Sfruttamento, donne-oggetto, bambini come merci. Non c’è scelta, non c’è la consapevolezza di una donna che decide in tutta coscienza: solo costrizione e corpi femminili trasformati in mezzi per soddisfare i capricci di individui egoisti. Individui che l’appello identifica principalmente – forse inconsapevolmente? – con gli omosessuali («siamo favorevoli al pieno riconoscimento dei diritti civili per lesbiche e gay, ma diciamo a tutti, anche agli eterosessuali: il desiderio di figli non può diventare un diritto da affermare a ogni costo»), dimenticando che l’80% delle coppie che ricorrono alla gestazione per altri sono eterosessuali.
Oggi, prosegue l’appello di Snoq Libere, «per la prima volta nella storia, la maternità incontra la libertà. Si può scegliere di essere o non essere madri». Invece, scegliere di mettere al mondo il figlio di qualcun altro non si può. La buona vecchia regola “l’utero è mio e lo gestisco io”, evidentemente non vale più. L’utero è delle donne, ma non possono decidere in piena libertà cosa farne. Che ci sia anche un mercato che approfitta di donne che in Paesi come l’India non hanno mezzi, né quelli economici né quelli che permettono di decidere consapevolmente, non significa che la maternità surrogata sia da bandire.
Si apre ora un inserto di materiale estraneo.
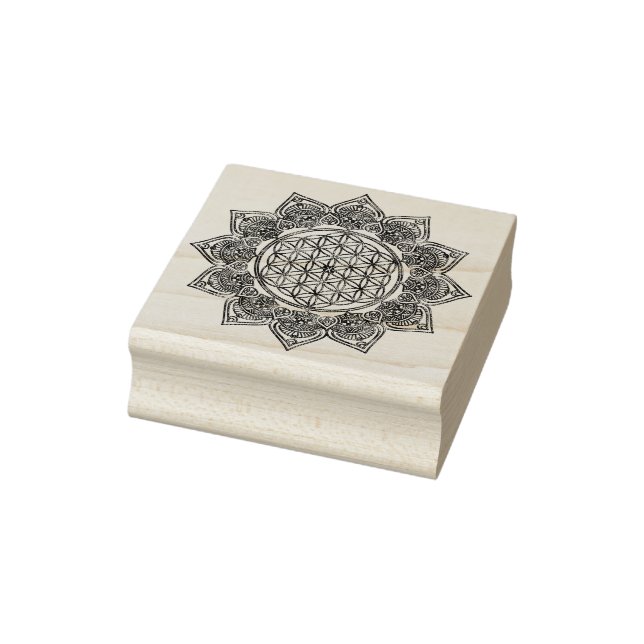 Flower Of Life - Indian Mandala 4 Rubber Stamp (Stamp)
E lo dimostrano, più di tanti teoremi o proclami, le parole che Tara Bartholomew, l’”utero in affitto” che ha fatto nascere i figli del giornalista Carlo Rossi Marcelli, ha rilasciato al Corriere della Sera. Le parole di una donna, moglie e madre, che ha deciso, liberamente e senza costrizioni, di mettere il proprio corpo al servizio dell’amore di qualcun altro. «Non diventerò mai presidente, non troverò la cura del cancro, ma questo era qualcosa che potevo fare per cambiare la vita di qualcuno. Non avevo idea di quanto avrebbe significato anche per me».
Non si tratta semplicemente di “veterofemminismo”, come qualcuno ha cercato di liquidarlo. Si tratta dell’ennesima forma di un paternalismo che vuole spiegare alle donne come devono percepire e vivere il proprio corpo. Come devono percepire e vivere se stesse. Negando loro, di fatto, quella libertà per cui dicono di battersi. L’appello non arriva in un momento qualsiasi. Quando (se?) il Ddl Cirinnà sulle unioni civili arriverà finalmente in Parlamento, sul riconoscimento della stepchild adoption (l’adozione del figlio del partner) si giocherà la battaglia di chi di riconoscere i diritti ai gay non ne vuole sapere. Chi si oppone alle unioni omosessuali agita da mesi lo spauracchio della stepchild adoption, che aprirebbe la strada alla pratica dell’utero in affitto e alla “famiglia omosessuale”, e la possibilità che la norma venga stralciata per far passare una versione ancor più blanda del riconoscimento di quelle che qualcuno voleva definire “formazioni sociali specifiche” potrebbe diventare una drammatica realtà.
Ancora una volta, però, ad anticipare la politica è stata la magistratura: la Corte d’Appello di Milano ha definito legittima la trascrizione dell’adozione “piena e legittima” di una bambina di dodici anni da parte della compagna della madre perché la bambina «è stata adeguatamente amata, curata, mantenuta, educata ed istruita da entrambe le donne che hanno realizzato l’originario progetto di genitorialità condivisa, nell’ambito di una famiglia fondata sulla comunione materiale e spirituale di due persone di sesso femminile» e che la «adozione piena» corrisponde al suo interesse.